A Romantic Destination
Probably one of the most romantic destinations in Spain – on a plateau rising above the river Tajo, it´s narrow winding cobbled streets, monuments and museums interspersed with delightful plazas and cozy restaurants. It´s one of those places you earmark for return visits – preferably without the kids!
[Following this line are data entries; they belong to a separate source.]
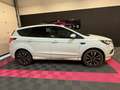 Ford Kuga Kuga 1.5 Flexifuel-E85 150 S\u0026amp;S 4x2 BVM6 ST-Line Blanc - thumbnail 6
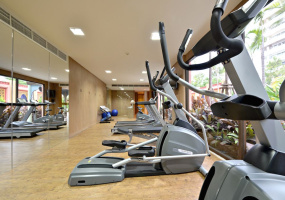 Hua Hin Center, 1 Bedroom, 1 Bathroom, Apartment / Condo, For Sale,1401, A-Team Real estate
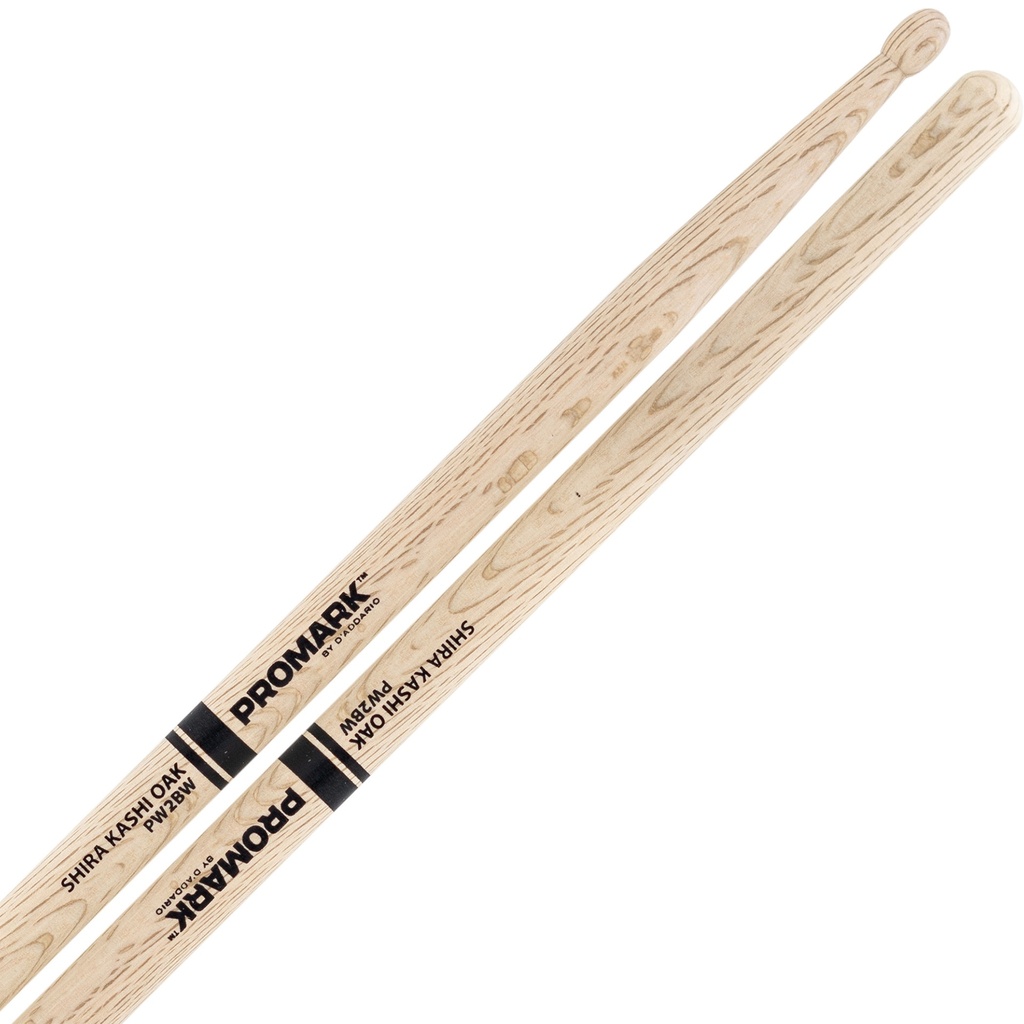 Promark Oak Wood Tip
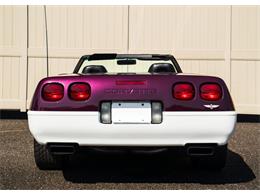 1995 Chevrolet Corvette (CC-1997139) for sale in Shamong, New Jersey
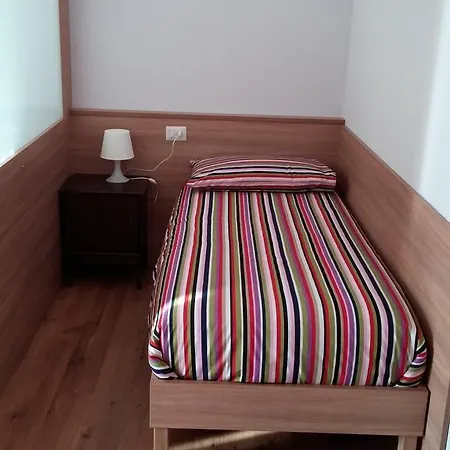 Apartamento Laurus *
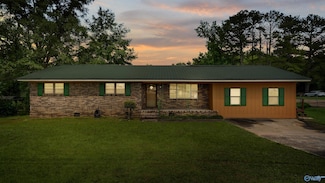 2943 Highway 77, Gadsden, AL 35907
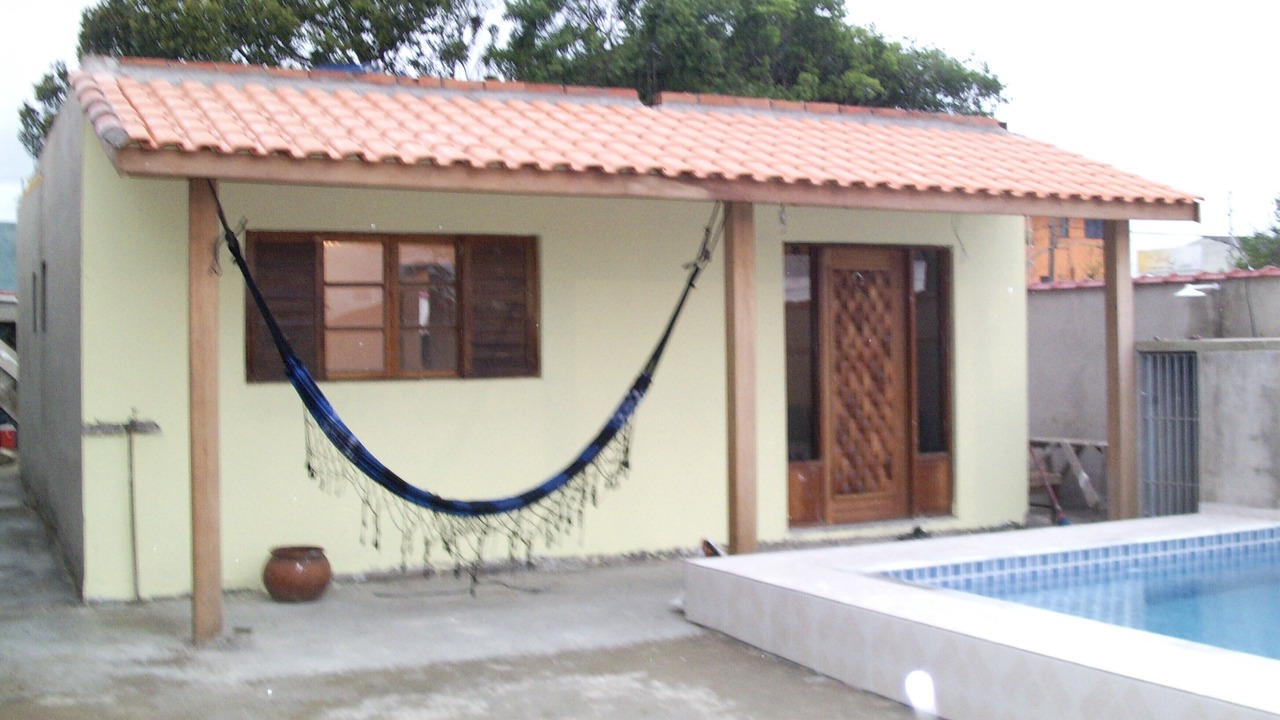 Photo of Outdoor in Peruibe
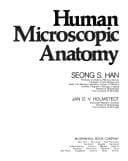 Tapa de Human microscopic anatomy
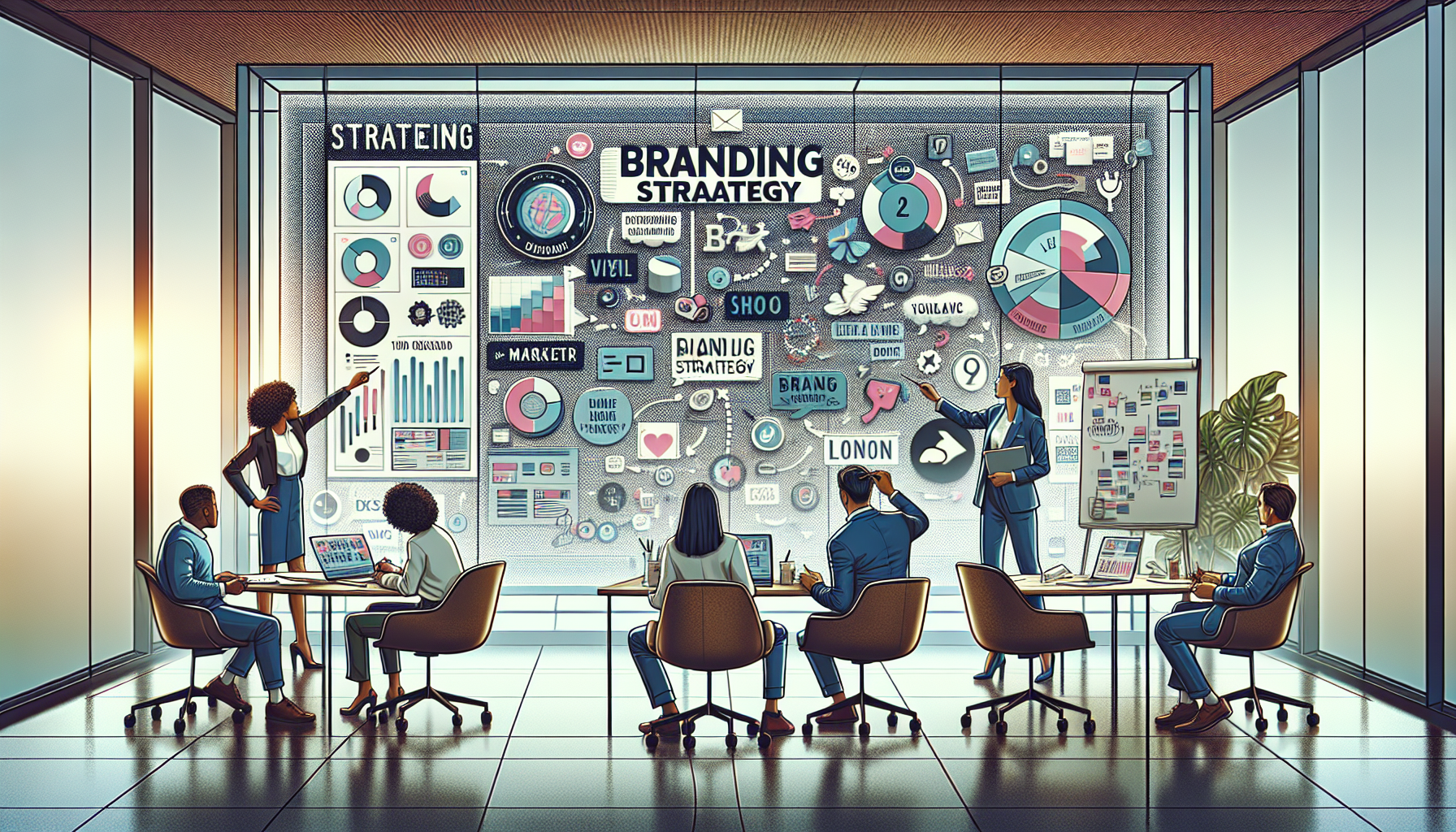 Обложка к статье Брендинг это: что это и почему важен для бизнеса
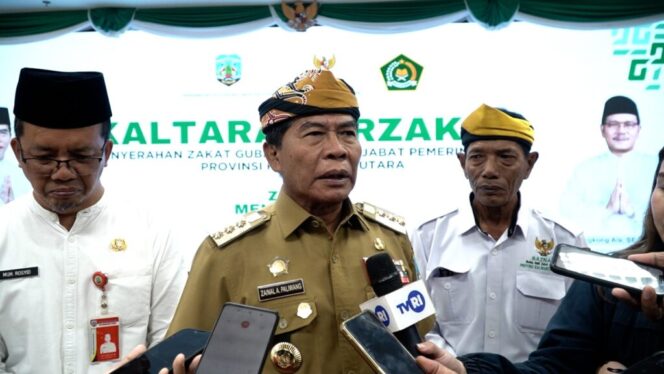 
 Pemprov Targetkan PAD dari Perdagangan Karbon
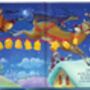 Personalised Children's Book, A Christmas Dream For Me, thumbnail 5 of 9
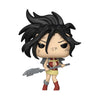 My Hero Academia Momo Yaoyorozu Funko Pop! Vinyl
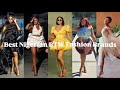 10 Best Nigerian Ready To Wear Fashion Brands 2025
I will return,I have my eye on a lovely apartment in the historical centre of the city here, with 2 bedrooms sleeping 6 I guess we could take the kids along too!
A Forgotten Past
June Brown found herself brought to the Judería – The ancient Jewish quarter of Toledo - to find the answers to her questions about her ancestors – and if you find yourself in this magical city then remember to take a few hours to discover it for yourself, it seems to be a part of Spanish history that this country has forgotten about, maybe a little too willingly…?
Start on the West side of the cathedral, which in itself takes a morning to get around! Head Southwest…it´s downhill all the way as the streets become narrower and more winding, the `squished together´ buildings and monuments fighting and jostling for a click of your camera shutter.
It´s all Greek to me…
A very famous painter took rooms here - El Greco - `The Greek´ moved in when he found lodgings, actually he was really Cretan and his real name was Domenico Theotocópoulos...hey, wait a minute – doesn´t he own the launderette in Eastenders?! Better make a call to the BBC…
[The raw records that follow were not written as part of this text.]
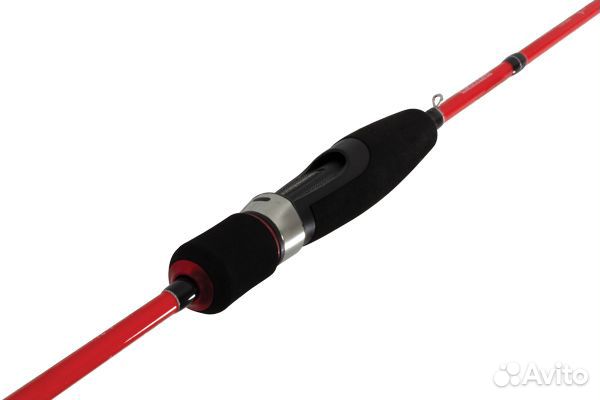 Спиннинг Maximus Pointer Travel 21UL 2,1m 0,8-6g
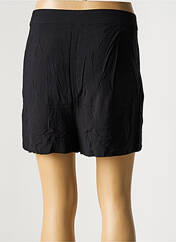 Short noir VERO MODA pour femme seconde vue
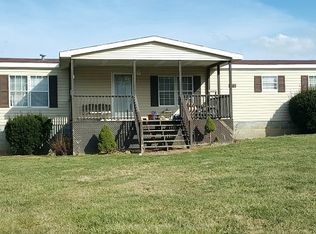 5241 Delhart Rd, Galax, VA 24333
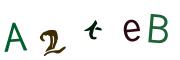 Billed-CAPTCHA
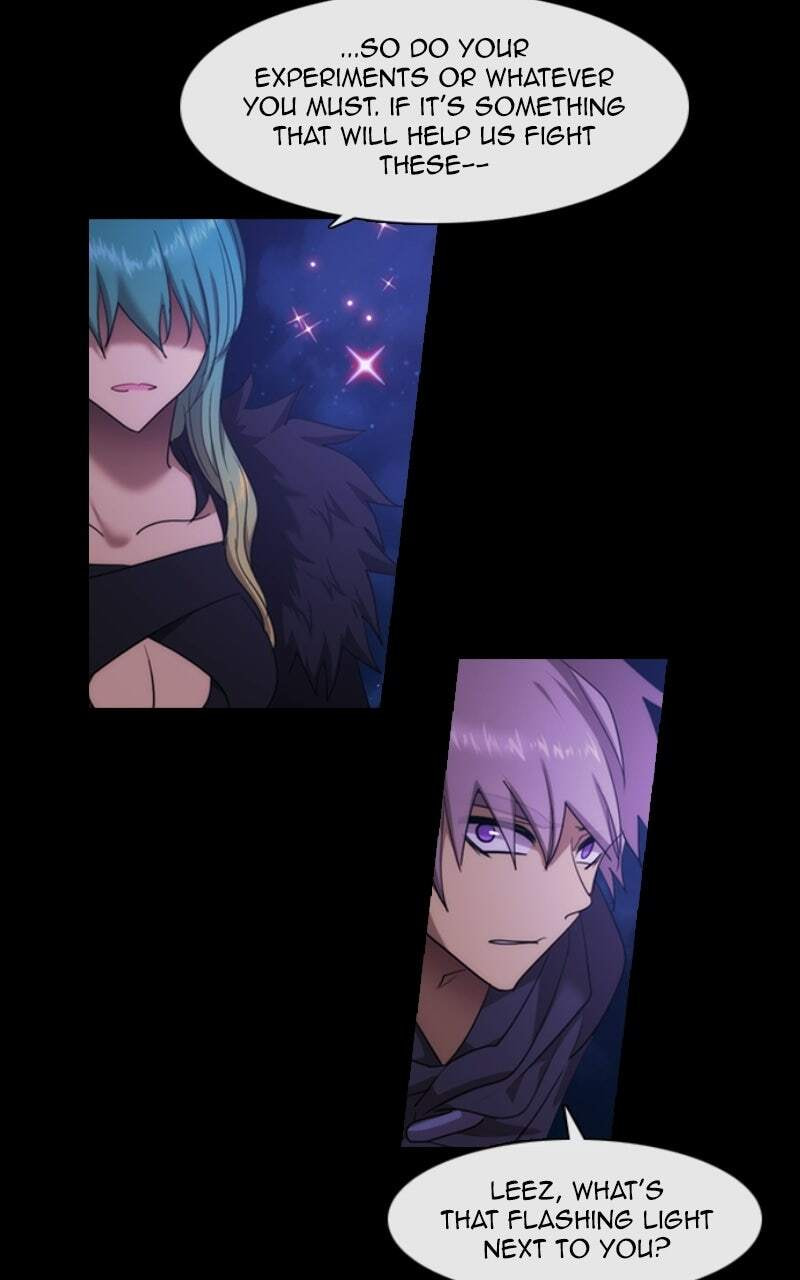 Kubera Chapter 709 page 37 - 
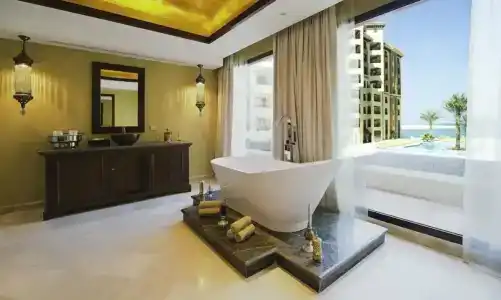 Marjan Island Resort & Spa Managed By Accor - 18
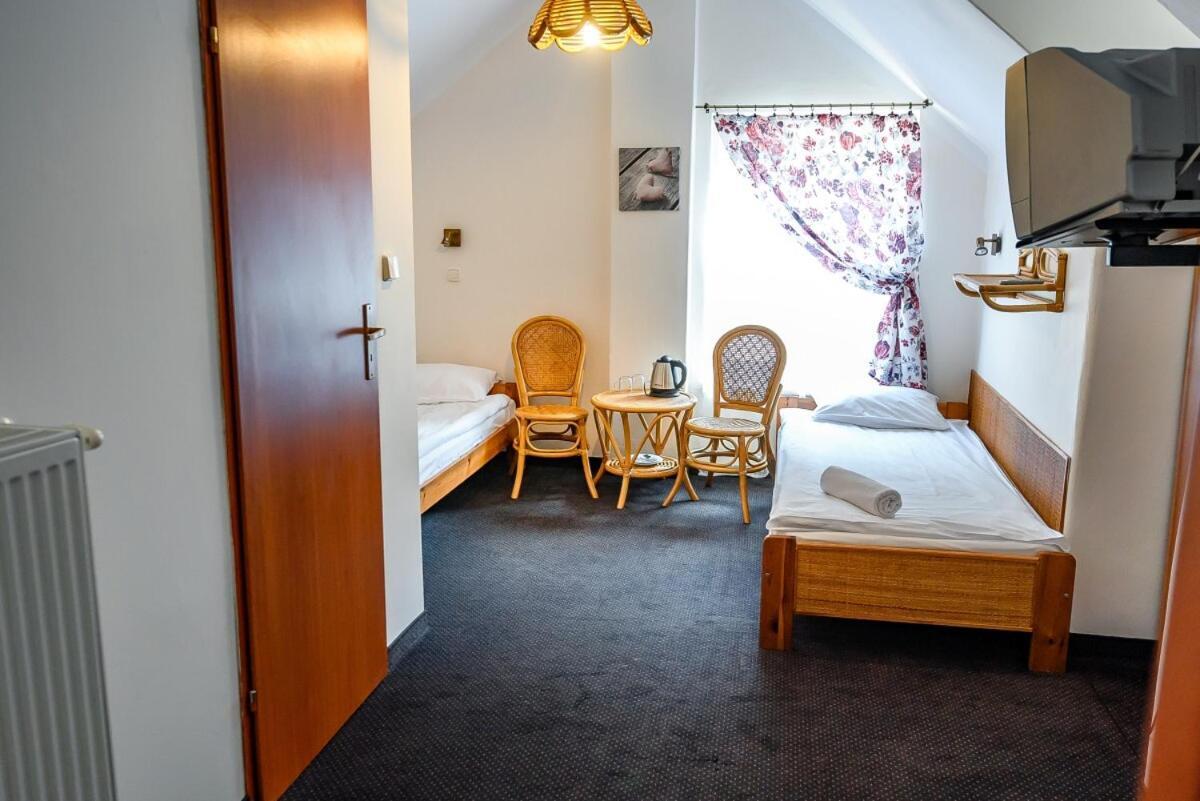 Resort Safona Krynica-Zdrój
In fact you can still visit the house he lived in – now open to the public. Casa-Museo de El Greco is open Tuesday to Saturday 10:00 - 14:00 and 16:00 – 18:00, closed on Mondays.
A painted Miracle
Visit the church of Santo Tomé, which you´ll handily find on Calle Santo Tomé! (By the way, this is also a lovely tiny square for a coffee,try Cafetería Nano here, a cafécon leche and a taste of the famous Toledo Marzipan.)
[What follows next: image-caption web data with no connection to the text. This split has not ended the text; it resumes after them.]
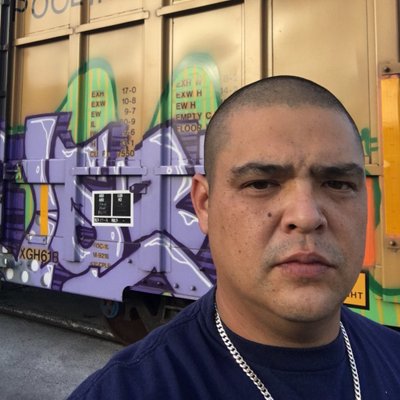 Profile Picture of James C. Weber (@jay1buc) on Twitter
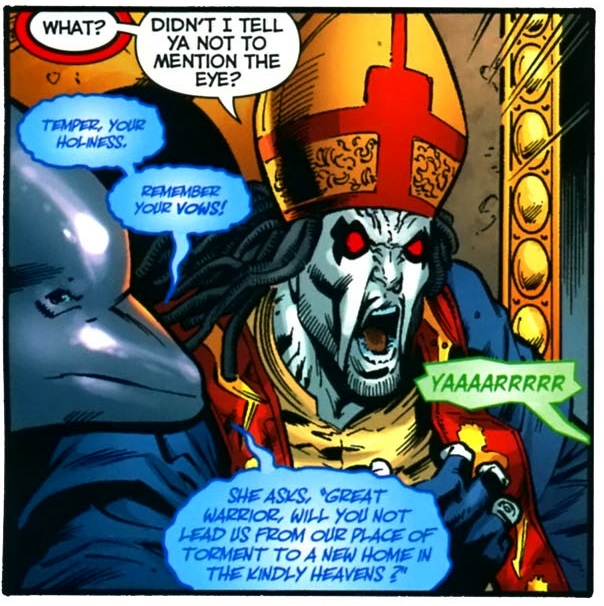 Archbishoplobo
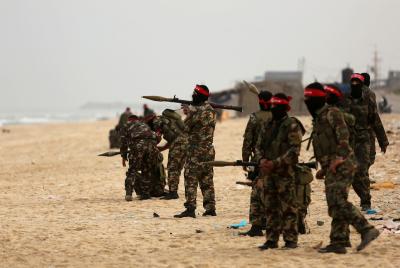 مناورة الكتائب (20)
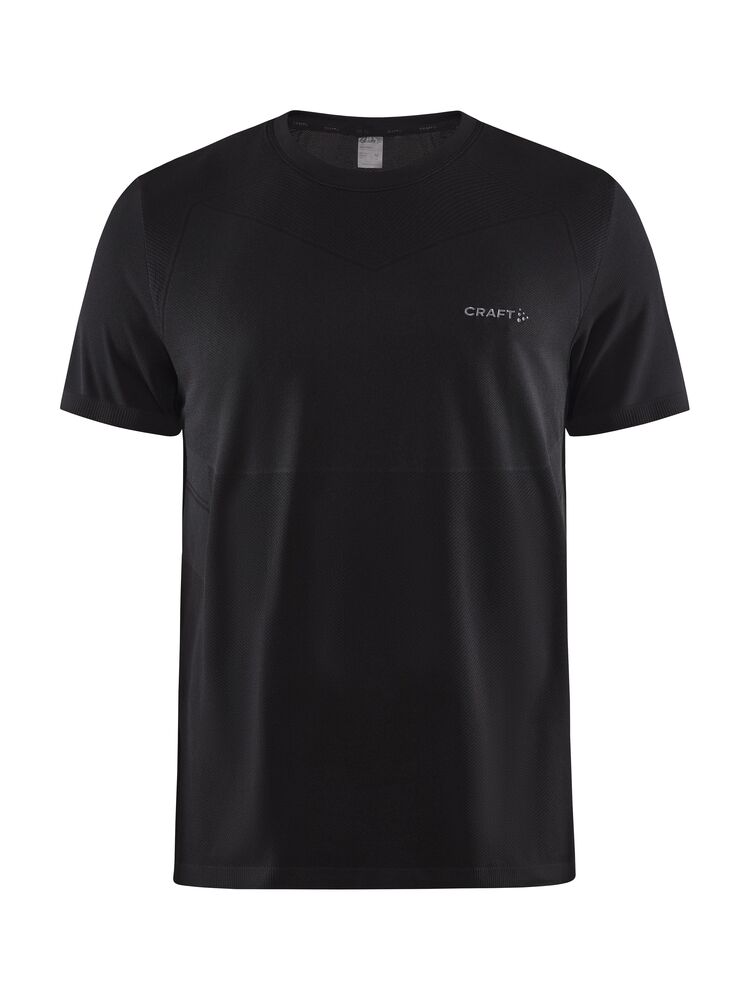Craft ADV Essence Fuseknit Tee M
Just to one side of the church in a chamber, ask to see the painting that all Toledo talks about.
El Entierro del Conde de Orgaz was painted by El Greco – as the name suggests this is a pictorial representation of the burial of the Count of Orgaz. When he was buried in 1323, Saint Stephen and Saint Augustine – presumably having nothing better to do that day – dropped down from Heaven to lend a hand with the proceedings.
The Counts´ many friends on witnessing this miracle petitioned Rome to make the man a Saint – and still in support of the request 200 years later Greco was asked to step in and paint the events.
It´s actually quite a grim and disturbing portrayal, but by the same token represents Castile in the 16th century quite well!
More has been written about the painting than any other in Spain, and more tourists flock here to see it than any other of the numerous sights of Toledo. There are many including the Cathedral, The Alcázar, The Mezquita del Cristo de la Luz – actually a tiny mosque and one of the oldest surviving buildings inthe whole of Spain dating from the Moorish period.
See the Synagogues
Of course, you are in the Jewish Quarter, so the synagogues are a must-see. Sinagoga del Transito was built by Samuel Levi, the treasurer to Pedro the Cruel – with a name like that I guess he just wasn´t the nicest boss – and in fact true to his name he later executed Levi. No trade unions there then…
The interior resembles the Alhambra in Granada, with Moorish arches and ornate carvings, change the words carved around your head from Hebrew to Arabic and you could almost be in that perfect Palace.
The Museo Sefardi is located with the Synagogue, with a representation of the Jewish history of the city before the Catholics upset the applecart.
Older and equally stunning is the Synagogue of Santa María la Blanca, another Mudéjar masterpiece, small and perfectly formed. Do try and visit both, the usual opening hours and closed Mondays as is normal with most buildings in Spain.
Speaking of Moors, you can also visit the Taller de Moro – the Moor´s Workshop – where the skills were honed and used to create the fascinating work used in Mudéjar architecture…a collection of pieces is here for you to look at and admire. More carvings than you can shake a stick – or even a Toledo sword – at!
So, when you are in this wonderful part of Spain remember to follow in the footsteps of Isaac and Abraham Bitton, the lost relatives of June Brown, and visit the Judería of Toledo, the walled city of silk and swords!